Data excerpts
--- START ---
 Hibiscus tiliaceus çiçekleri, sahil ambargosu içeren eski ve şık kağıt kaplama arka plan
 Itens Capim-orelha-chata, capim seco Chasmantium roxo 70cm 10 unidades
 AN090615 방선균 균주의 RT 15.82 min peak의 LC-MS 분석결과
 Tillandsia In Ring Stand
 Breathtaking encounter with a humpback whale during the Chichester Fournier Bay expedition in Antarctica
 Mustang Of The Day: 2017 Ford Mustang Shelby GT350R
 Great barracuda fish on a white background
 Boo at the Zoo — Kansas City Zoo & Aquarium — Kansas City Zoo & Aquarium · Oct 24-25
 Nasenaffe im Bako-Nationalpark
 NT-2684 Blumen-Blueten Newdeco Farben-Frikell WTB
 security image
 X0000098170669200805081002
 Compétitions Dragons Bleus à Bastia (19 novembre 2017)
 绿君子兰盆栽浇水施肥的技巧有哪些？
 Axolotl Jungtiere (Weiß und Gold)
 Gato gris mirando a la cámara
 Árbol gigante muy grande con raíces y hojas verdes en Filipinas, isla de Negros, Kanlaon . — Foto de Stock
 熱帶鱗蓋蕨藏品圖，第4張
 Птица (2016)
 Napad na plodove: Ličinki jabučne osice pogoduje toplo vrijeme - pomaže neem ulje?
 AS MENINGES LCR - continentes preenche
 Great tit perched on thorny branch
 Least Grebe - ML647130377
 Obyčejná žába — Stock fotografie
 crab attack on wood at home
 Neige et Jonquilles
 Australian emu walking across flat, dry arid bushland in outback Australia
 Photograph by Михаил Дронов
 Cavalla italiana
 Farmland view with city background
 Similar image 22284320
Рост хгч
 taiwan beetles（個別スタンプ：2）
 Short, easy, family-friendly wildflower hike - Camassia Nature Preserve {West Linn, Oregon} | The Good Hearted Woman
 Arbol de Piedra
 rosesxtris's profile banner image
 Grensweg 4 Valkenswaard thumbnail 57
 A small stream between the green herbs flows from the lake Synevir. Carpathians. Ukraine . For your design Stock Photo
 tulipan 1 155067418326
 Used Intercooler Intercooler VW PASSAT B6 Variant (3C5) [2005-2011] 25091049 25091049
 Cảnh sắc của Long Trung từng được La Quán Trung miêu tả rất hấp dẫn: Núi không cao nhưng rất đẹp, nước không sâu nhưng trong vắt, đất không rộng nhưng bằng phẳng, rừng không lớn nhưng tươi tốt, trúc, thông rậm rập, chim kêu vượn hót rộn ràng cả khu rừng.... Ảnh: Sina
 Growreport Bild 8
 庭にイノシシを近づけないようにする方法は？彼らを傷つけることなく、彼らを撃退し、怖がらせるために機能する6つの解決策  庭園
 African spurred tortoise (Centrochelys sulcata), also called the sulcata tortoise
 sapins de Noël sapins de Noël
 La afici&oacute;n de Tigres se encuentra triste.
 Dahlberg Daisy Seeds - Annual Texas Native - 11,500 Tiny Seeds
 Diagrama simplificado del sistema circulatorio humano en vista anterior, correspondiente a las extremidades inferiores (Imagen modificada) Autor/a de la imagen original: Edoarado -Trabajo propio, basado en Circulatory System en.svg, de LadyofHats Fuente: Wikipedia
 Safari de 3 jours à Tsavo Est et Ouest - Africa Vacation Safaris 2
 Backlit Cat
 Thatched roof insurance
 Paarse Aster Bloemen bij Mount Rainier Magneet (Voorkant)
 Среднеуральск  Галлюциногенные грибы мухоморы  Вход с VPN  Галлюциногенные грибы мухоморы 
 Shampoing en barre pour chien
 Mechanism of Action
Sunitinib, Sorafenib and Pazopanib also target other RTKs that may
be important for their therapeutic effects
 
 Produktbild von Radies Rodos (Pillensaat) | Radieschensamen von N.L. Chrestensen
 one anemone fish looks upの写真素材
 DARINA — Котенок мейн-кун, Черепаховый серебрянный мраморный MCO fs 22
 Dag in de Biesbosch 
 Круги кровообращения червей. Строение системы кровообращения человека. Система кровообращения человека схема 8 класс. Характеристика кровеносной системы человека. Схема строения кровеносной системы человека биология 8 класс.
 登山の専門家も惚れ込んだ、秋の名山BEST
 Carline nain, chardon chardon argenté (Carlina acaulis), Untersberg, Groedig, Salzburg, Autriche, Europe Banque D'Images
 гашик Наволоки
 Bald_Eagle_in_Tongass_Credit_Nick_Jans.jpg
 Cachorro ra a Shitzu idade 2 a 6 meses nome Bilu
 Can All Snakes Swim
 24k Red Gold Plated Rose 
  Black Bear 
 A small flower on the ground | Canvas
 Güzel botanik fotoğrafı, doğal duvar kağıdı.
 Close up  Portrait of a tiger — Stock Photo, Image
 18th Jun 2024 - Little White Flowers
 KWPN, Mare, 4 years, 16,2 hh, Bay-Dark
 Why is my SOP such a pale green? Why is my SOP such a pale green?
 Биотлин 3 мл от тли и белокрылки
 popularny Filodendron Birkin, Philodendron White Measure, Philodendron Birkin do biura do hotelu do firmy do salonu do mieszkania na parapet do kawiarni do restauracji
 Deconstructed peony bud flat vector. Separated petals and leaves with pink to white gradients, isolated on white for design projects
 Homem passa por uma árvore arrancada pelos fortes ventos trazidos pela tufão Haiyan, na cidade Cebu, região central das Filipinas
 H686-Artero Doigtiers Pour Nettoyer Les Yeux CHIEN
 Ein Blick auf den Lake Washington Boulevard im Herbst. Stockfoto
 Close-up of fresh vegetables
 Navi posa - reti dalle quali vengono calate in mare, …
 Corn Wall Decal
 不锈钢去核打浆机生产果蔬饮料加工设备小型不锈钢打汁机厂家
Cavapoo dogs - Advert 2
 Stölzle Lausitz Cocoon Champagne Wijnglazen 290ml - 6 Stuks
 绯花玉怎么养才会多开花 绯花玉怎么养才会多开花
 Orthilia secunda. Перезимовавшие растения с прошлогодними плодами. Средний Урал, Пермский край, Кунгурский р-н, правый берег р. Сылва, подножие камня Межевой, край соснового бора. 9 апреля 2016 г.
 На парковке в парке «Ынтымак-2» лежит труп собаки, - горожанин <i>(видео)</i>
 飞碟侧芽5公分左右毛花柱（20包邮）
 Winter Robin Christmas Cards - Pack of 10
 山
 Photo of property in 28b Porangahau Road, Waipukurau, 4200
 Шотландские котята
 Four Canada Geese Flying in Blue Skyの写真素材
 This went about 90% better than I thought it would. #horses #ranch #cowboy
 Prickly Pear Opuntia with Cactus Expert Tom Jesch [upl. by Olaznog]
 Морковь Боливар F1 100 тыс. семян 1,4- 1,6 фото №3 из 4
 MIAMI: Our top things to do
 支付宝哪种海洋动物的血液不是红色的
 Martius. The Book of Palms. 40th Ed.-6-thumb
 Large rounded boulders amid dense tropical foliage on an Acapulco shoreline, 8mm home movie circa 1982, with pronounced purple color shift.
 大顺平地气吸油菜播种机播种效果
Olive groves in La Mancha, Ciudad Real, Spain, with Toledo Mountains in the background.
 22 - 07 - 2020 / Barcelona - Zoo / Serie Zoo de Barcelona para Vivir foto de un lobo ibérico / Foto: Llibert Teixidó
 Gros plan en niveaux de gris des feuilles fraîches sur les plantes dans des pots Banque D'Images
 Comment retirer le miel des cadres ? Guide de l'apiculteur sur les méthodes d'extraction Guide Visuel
--- END ---
### Exercise details
Transcribe verbatim. Cover the lines from the first line of the entries above to the line containing "security image", inclusive.

### Reply
 Hibiscus tiliaceus çiçekleri, sahil ambargosu içeren eski ve şık kağıt kaplama arka plan
 Itens Capim-orelha-chata, capim seco Chasmantium roxo 70cm 10 unidades
 AN090615 방선균 균주의 RT 15.82 min peak의 LC-MS 분석결과
 Tillandsia In Ring Stand
 Breathtaking encounter with a humpback whale during the Chichester Fournier Bay expedition in Antarctica
 Mustang Of The Day: 2017 Ford Mustang Shelby GT350R
 Great barracuda fish on a white background
 Boo at the Zoo — Kansas City Zoo & Aquarium — Kansas City Zoo & Aquarium · Oct 24-25
 Nasenaffe im Bako-Nationalpark
 NT-2684 Blumen-Blueten Newdeco Farben-Frikell WTB
 security image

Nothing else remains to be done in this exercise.